Morton’s name is closely linked with his interests in Grandfather Mountain, Mildred the Bear, hang gliding, the Grandfather Mountain Nature Museum, the battle USS North Carolina, the Cape Hatteras lighthouse, the Linn Cove viaduct of the Blue Ridge Parkway, the North Carolina ridge law, the Wilmington Azalea Festival, breathtaking photography, the Highland Games and the Singing on the Mountain festival.

Though a native of the coastal town of Wilmington, it is for his efforts to guard in the state’s mountains that Morton is perhaps best known. He inherited ownership of 5,964-foot Grandfather Mountain, highest in the Blue Ridge Mountains, in 1952 when the estate of his grandfather, Hugh MacRae, was divided among family members. He has steadfastly defended it since, especially against early efforts to route the Blue Ridge Parkway along the mountain’s side.

 

In 1961, when “the State” magazine named him North Carolinian of the Year, it said “ perhaps he is the only man to hand the powerful U.S. Interior Department three successive and stinging defeats, and he did it after virtually all of his friends advised him to surrender.”  Morton has often appeared before Congressional committees, and in countless public and civic arenas in support of preservation causes. For his efforts he has such awards as the National Theodore Roosevelt Conservation Award and the North Carolina Public Service Award.

 

Morton has been a point man in the battle against acid rain for several years.
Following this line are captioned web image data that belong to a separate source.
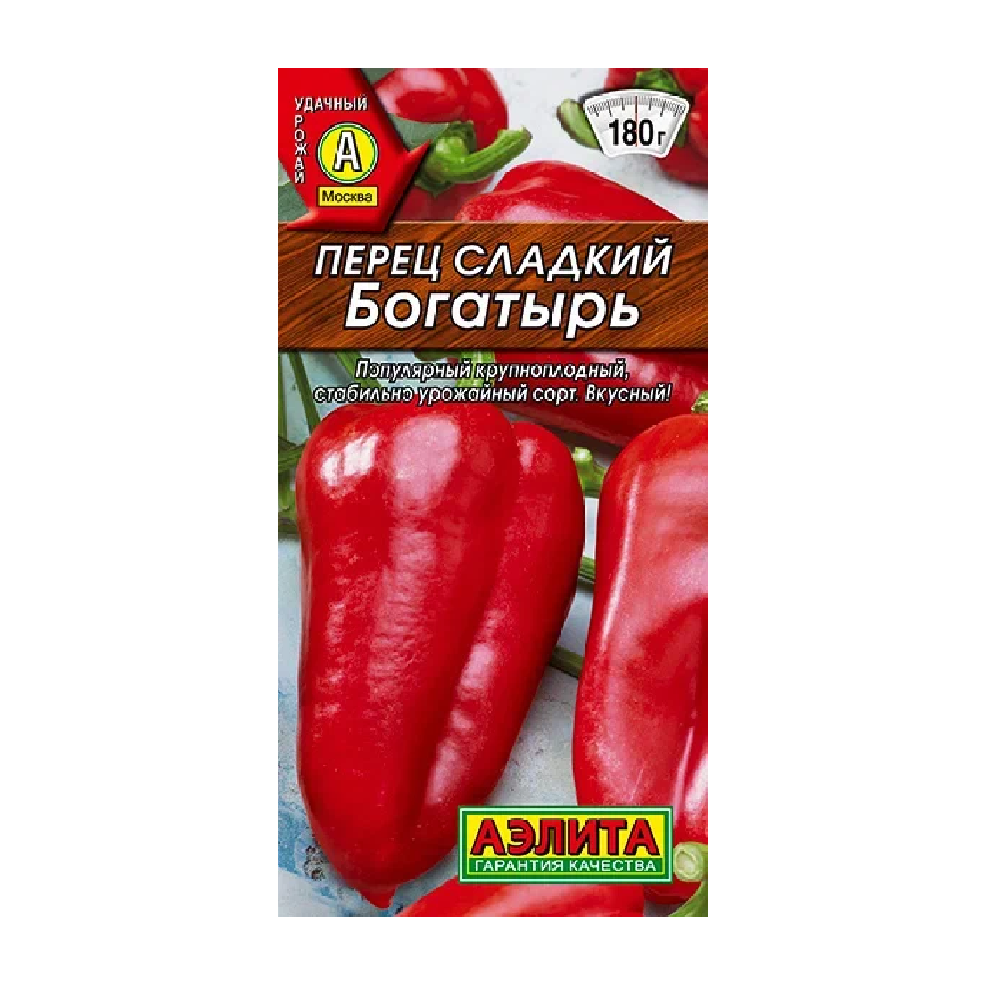 Перец сладкий Богатырь  20шт/10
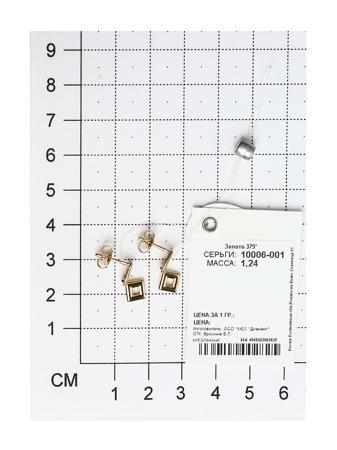 Изделие из золота SOKOLOV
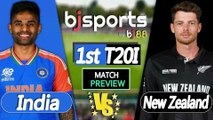India vs New Zealand 2025 | IND vs NZ 1st T20I Match Preview |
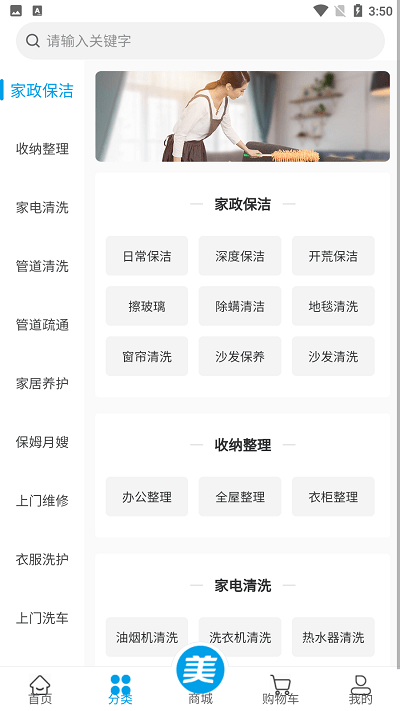 美家好朋友家政服务软件v1.0.0 安卓版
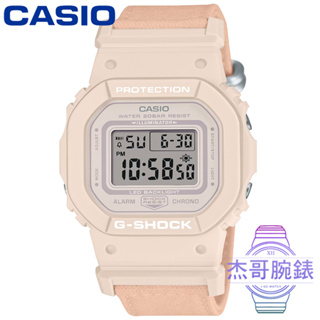 【杰哥腕錶】CASIO 卡西歐G-SHOCK WOMAN電子錶-粉橘色 / GMD-S5600CT-4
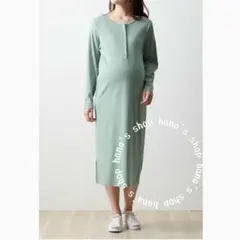 新品 M〜L 授乳しやすいマタニティネグリジェワンピース パジャマ ルームウェア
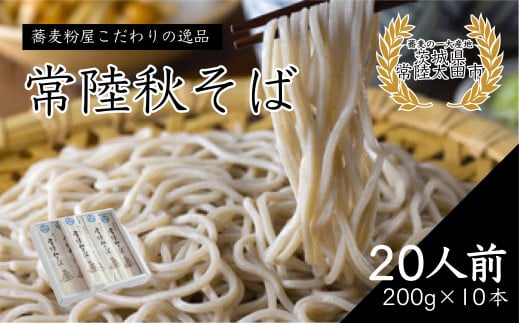 そば 石臼びき常陸秋そば (200g×10本) 20人前 | 常陸秋そば 蕎麦 ソバ そば 乾麺 蕎麦 そば ソバ 麺 そば粉 蕎麦粉 秋そば 茨城県 常陸太田市茨城県常陸太田市15000麺そば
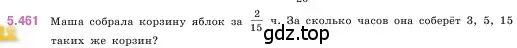 Условие номер 5.461 (страница 75) гдз по математике 5 класс Виленкин, Жохов, учебник 2 часть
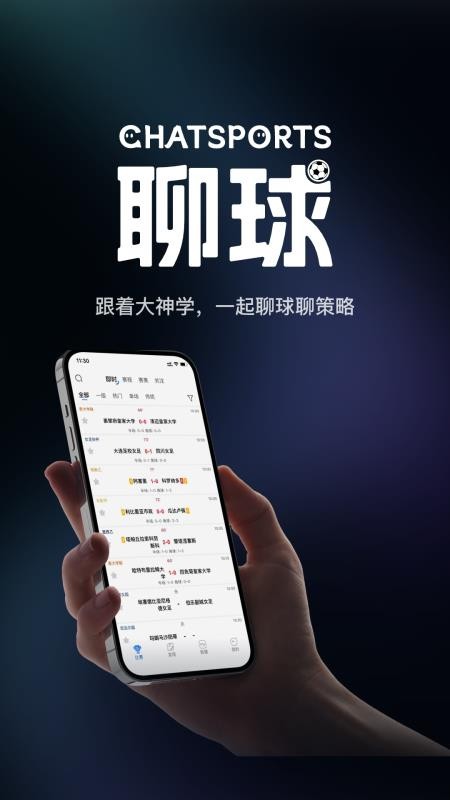 聊球官方版v1.4.0(5)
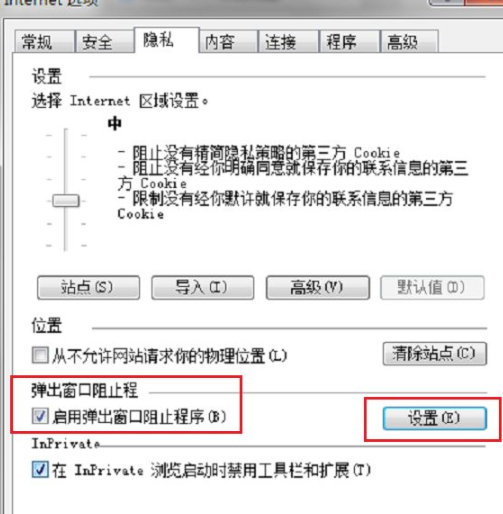 ie浏览器一直自动弹出个不停第4步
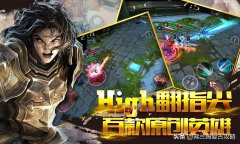 自由之戰破解版怎么玩（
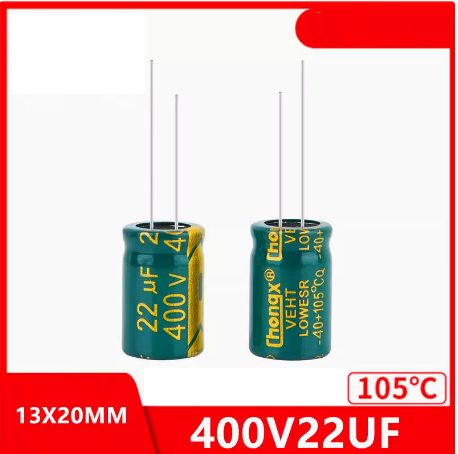 Конденсатор 22uF 400V 22мкФ 400В
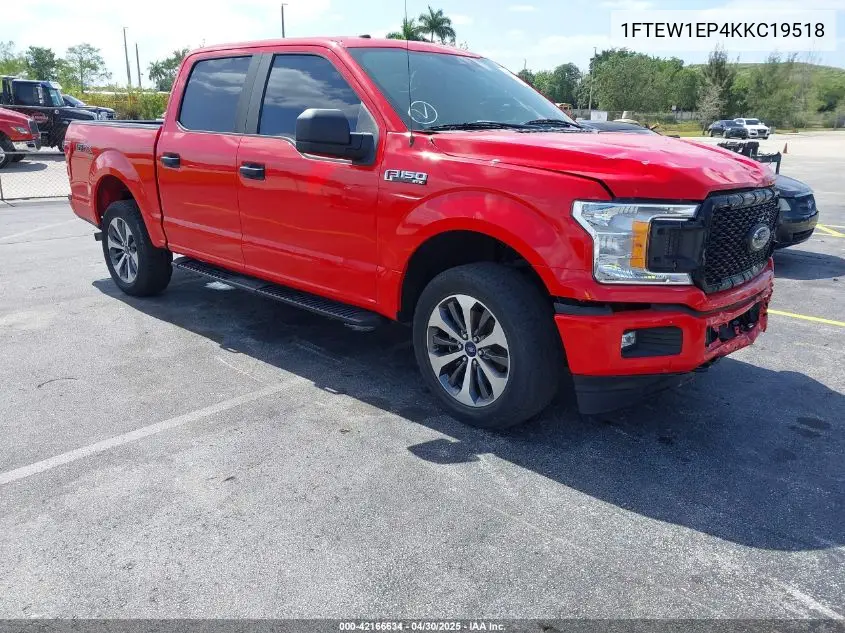 2019 Ford F-150
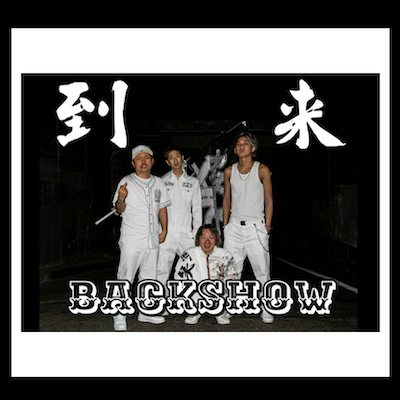 BACKSHOW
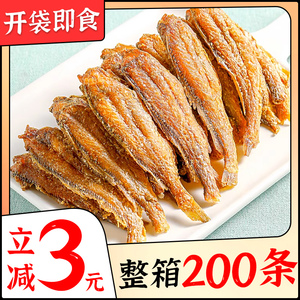 香酥小黄鱼干黄花鱼酥脆孕妇零食办公室解馋即食小吃休闲食品特产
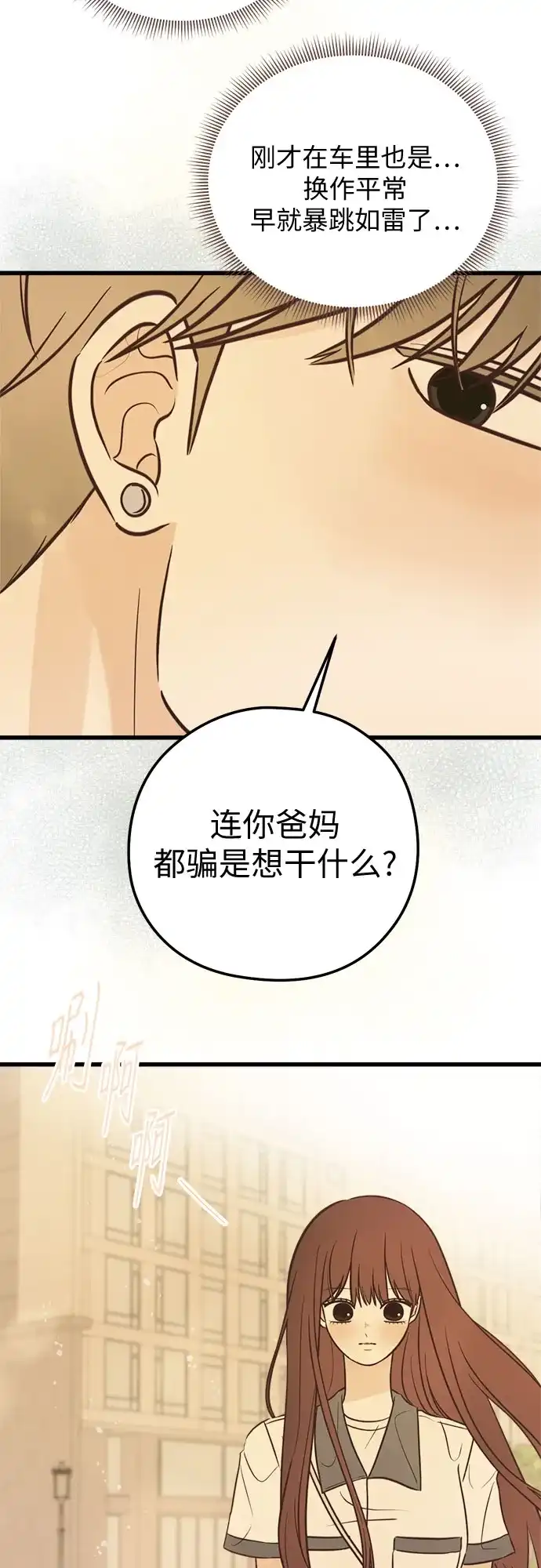 柠檬味青春 [第38话] bomb 第48页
In a recent challenge to sportsmen, Morton wrote:  “What do you do when you are not a scientist, but you know enough about science to realize that three of your favorite game fish – rainbow trout, brown trout, and smallmouth bass – will all be dead before the federal government designation for acidified waters is ascribed to the lakes and streams where the fish were unable to survive?  Well, that’s the way the situation is tilted to downplay the effects of air pollution, and it makes me boil.”

 

“What can an ordinary citizen do? Stay in touch with your US. Senators and congressmen, for they are your only voice. Let them hear that you know the widespread damage air pollution has done in Canada and Eastern Europe, and under no circumstances should they allow this gradual and terrible destruction to happen here.”

 

Morton once told a Raleigh News and Observer reporter jokingly that he was “just a natural born, rosy-cheeked do-gooder, but I get interested in things and I do what I’m interested in.”  It is for his longstanding interest in the natural heritage of the North Carolina Mountains that Morton was chosen for the 1991 Mountain Heritage Award, Coulter said.